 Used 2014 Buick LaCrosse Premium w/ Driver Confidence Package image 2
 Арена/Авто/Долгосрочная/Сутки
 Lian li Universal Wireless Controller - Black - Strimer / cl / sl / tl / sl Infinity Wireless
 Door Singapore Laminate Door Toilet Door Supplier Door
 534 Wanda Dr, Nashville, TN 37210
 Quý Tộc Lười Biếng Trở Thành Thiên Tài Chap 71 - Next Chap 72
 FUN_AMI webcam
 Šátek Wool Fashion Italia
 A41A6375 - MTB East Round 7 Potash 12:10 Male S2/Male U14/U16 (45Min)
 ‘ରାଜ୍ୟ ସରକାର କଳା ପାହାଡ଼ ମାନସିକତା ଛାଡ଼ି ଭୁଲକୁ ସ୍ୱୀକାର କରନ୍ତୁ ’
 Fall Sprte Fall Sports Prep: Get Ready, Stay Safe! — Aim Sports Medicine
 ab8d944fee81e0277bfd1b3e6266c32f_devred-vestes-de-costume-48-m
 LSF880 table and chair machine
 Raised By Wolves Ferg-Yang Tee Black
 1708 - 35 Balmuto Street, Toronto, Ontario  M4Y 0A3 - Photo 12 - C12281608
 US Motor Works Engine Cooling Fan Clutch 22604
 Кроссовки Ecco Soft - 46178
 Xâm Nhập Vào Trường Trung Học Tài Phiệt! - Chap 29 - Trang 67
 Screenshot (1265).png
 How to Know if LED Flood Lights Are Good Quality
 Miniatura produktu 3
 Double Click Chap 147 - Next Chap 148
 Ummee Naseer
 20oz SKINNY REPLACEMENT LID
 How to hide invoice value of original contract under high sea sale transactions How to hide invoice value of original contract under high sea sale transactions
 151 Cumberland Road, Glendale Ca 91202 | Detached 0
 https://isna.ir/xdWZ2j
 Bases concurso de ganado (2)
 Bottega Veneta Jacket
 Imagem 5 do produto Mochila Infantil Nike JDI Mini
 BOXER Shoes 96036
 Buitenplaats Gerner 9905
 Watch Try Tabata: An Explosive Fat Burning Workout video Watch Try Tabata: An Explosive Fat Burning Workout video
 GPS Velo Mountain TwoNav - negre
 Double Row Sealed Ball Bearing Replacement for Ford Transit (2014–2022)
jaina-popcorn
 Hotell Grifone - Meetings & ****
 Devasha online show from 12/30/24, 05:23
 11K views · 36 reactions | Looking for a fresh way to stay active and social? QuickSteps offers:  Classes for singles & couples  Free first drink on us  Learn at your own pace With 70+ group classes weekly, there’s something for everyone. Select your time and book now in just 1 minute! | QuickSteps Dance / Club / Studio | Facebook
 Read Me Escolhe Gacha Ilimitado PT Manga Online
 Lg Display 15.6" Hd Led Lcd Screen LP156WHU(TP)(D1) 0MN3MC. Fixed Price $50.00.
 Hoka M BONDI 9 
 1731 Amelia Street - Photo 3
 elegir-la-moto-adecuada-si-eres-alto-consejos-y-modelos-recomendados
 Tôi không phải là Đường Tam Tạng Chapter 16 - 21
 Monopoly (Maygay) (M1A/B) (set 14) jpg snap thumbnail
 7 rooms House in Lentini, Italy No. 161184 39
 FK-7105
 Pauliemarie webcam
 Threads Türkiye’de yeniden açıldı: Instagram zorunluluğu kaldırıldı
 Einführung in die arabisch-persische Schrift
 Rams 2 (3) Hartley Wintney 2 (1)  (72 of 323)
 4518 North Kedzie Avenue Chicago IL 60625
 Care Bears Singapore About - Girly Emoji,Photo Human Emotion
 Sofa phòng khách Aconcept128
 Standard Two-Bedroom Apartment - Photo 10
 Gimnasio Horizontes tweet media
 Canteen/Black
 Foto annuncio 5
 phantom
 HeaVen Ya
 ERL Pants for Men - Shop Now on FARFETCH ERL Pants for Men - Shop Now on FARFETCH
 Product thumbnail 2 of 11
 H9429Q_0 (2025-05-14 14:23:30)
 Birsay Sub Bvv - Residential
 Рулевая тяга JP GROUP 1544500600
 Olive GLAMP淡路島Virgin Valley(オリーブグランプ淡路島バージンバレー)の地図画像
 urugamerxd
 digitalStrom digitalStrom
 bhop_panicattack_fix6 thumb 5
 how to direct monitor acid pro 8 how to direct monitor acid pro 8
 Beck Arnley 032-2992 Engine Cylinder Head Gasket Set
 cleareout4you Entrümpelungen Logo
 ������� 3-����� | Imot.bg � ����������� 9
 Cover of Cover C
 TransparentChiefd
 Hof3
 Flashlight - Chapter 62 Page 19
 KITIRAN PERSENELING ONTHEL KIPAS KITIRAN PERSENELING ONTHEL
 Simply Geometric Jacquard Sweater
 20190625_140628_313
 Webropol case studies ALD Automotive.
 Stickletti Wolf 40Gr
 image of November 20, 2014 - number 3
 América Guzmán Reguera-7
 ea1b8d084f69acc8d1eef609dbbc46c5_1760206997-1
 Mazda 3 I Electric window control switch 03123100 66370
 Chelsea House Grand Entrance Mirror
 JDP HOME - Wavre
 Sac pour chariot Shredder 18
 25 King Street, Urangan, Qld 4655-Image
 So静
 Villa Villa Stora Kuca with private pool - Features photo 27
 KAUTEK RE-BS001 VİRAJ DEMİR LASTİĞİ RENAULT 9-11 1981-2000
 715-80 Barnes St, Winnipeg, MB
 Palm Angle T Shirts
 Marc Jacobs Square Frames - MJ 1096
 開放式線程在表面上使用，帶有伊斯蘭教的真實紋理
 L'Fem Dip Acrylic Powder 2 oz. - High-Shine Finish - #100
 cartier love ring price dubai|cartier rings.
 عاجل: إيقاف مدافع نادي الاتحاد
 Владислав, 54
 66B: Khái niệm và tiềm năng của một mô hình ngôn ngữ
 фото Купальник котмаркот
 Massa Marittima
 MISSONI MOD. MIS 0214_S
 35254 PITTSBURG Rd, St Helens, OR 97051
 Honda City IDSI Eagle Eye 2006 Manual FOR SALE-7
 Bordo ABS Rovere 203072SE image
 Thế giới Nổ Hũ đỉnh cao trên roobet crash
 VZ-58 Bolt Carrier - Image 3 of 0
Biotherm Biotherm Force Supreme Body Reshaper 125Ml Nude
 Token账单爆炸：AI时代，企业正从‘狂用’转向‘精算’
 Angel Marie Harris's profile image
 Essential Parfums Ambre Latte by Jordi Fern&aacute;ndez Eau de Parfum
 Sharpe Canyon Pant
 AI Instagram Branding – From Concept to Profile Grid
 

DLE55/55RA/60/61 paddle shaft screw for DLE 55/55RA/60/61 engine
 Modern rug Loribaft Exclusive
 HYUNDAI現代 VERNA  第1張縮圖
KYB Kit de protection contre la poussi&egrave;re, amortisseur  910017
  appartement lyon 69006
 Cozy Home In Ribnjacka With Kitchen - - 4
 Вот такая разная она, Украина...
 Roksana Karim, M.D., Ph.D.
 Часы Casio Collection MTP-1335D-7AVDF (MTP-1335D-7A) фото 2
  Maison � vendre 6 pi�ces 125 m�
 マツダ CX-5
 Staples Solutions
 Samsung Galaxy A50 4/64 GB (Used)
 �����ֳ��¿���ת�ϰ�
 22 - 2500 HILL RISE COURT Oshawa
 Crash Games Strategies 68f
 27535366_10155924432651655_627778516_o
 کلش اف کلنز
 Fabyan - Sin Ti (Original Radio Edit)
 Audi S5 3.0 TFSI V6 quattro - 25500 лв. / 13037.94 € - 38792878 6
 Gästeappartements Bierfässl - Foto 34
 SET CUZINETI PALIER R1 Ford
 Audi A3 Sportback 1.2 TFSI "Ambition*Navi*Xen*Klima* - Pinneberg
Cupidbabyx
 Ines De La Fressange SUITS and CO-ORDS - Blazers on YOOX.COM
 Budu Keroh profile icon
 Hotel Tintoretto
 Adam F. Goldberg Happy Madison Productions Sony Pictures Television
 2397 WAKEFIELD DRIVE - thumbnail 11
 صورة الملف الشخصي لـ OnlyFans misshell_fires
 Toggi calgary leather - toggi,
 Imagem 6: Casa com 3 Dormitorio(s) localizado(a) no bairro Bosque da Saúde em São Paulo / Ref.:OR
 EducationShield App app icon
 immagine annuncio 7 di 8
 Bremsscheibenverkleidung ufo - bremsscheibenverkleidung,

________

### THE TASK:
Check each line of the data above for the string "House", and copy the ones that have it.

### ANSWER TO THE EXERCISE:
 7 rooms House in Lentini, Italy No. 161184 39
 Chelsea House Grand Entrance Mirror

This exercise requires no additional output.